Exercise:
Count the lines below that contain the word "Actyon", and give only that number.

Material provided:
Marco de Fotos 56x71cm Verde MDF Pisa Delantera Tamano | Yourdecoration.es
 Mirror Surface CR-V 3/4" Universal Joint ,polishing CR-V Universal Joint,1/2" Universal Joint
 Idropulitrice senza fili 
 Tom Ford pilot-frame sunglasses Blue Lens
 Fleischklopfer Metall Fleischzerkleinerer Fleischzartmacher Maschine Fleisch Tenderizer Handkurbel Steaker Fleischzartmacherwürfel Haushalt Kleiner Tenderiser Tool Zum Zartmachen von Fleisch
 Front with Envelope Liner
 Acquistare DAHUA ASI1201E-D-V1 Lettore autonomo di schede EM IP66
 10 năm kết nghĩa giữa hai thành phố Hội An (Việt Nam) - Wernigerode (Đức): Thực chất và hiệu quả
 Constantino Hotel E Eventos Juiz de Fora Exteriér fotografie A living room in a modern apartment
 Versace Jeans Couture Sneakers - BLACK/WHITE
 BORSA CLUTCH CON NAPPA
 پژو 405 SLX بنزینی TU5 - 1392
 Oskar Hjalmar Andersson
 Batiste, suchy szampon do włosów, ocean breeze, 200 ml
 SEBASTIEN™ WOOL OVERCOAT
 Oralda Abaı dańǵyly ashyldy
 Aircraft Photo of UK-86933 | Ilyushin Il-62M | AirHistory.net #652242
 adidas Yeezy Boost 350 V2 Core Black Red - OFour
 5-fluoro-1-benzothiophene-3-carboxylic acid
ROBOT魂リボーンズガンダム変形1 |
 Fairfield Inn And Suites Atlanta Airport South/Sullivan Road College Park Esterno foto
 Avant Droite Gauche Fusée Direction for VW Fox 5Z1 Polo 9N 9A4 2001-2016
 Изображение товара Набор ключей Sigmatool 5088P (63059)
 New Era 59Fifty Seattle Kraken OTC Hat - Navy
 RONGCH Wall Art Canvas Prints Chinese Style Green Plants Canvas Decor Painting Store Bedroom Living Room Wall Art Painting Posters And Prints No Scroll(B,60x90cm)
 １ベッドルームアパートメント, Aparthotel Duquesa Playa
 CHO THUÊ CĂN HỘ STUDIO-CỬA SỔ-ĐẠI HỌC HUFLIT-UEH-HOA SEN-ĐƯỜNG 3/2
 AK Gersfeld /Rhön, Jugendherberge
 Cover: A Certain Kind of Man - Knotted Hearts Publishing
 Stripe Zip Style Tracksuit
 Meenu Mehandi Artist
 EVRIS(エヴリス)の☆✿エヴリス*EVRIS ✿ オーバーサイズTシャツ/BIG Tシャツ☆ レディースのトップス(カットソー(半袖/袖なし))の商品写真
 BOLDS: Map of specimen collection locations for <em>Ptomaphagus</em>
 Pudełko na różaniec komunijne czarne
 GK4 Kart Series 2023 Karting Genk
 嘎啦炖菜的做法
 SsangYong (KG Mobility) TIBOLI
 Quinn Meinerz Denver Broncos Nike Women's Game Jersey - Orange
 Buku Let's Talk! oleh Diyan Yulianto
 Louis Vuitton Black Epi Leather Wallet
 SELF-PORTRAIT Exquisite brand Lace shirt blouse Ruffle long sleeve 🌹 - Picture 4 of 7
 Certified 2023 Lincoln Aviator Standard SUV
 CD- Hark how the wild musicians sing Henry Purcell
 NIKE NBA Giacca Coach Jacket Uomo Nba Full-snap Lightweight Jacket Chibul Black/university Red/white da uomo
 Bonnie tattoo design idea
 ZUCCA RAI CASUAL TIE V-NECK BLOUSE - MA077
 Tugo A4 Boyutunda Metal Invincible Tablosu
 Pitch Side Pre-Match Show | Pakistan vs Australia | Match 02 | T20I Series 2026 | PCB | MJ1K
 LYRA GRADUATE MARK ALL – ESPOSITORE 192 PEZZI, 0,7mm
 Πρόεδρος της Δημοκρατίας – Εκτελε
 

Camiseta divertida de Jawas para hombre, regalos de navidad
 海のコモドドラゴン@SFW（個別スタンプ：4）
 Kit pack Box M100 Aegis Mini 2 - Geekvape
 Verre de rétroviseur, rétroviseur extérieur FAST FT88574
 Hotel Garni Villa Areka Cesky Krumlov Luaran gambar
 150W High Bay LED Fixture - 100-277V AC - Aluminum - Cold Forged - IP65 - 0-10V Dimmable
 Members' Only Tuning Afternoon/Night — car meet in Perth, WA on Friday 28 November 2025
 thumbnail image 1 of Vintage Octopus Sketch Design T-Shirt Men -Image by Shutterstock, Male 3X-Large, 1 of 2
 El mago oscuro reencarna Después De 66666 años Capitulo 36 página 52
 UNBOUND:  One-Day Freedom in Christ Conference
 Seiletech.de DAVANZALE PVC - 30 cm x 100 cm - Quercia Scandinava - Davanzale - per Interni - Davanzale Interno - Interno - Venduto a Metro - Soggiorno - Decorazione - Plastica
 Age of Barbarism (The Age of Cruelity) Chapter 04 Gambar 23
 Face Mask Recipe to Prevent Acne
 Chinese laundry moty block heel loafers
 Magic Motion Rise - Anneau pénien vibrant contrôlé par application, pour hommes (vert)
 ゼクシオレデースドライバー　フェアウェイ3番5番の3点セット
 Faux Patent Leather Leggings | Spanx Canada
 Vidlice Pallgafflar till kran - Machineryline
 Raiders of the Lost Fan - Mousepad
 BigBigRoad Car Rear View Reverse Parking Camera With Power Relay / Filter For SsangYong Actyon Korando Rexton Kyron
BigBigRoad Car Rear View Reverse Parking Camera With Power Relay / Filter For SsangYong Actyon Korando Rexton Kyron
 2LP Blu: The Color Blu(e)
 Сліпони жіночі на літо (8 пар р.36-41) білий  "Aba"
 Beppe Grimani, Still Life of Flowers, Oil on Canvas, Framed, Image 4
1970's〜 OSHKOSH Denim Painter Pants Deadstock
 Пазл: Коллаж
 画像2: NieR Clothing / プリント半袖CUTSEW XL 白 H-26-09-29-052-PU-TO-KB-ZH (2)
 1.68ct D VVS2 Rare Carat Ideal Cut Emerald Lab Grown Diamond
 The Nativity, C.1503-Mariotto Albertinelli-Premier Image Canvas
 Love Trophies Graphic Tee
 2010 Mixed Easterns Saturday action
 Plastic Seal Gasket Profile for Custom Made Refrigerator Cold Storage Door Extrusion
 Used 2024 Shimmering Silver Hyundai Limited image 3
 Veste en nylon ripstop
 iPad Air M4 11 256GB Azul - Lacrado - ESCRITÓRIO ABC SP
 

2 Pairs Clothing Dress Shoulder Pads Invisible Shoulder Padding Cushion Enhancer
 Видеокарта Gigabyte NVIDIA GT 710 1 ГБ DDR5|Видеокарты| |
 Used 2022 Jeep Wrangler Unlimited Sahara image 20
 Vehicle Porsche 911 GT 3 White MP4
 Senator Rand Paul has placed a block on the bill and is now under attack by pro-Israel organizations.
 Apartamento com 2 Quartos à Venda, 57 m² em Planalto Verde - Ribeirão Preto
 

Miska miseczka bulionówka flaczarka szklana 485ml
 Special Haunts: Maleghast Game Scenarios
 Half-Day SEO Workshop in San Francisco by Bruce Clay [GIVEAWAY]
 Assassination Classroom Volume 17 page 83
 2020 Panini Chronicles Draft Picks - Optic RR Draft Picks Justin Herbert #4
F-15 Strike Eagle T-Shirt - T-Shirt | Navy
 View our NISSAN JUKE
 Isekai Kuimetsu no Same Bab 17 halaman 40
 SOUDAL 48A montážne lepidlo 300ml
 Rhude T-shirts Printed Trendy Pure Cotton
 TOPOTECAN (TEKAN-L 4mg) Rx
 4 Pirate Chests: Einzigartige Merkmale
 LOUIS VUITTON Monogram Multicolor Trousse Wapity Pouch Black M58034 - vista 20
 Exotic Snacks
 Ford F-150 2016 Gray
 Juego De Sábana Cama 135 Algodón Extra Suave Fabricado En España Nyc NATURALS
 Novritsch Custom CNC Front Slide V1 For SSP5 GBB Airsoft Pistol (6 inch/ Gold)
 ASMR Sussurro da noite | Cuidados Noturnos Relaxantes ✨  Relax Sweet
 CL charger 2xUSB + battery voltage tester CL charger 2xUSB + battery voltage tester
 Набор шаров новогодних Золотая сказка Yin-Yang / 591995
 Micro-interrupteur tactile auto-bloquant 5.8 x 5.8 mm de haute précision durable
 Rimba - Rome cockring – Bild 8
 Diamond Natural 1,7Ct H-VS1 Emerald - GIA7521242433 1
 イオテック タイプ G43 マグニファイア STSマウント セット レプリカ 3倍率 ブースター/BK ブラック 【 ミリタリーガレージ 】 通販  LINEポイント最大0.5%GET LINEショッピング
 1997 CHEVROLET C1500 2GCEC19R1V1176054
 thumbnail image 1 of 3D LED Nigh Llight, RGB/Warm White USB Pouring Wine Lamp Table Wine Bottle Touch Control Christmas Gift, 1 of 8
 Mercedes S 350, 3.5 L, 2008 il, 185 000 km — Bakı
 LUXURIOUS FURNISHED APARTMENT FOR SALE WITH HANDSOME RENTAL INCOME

Reply to the exercise:
2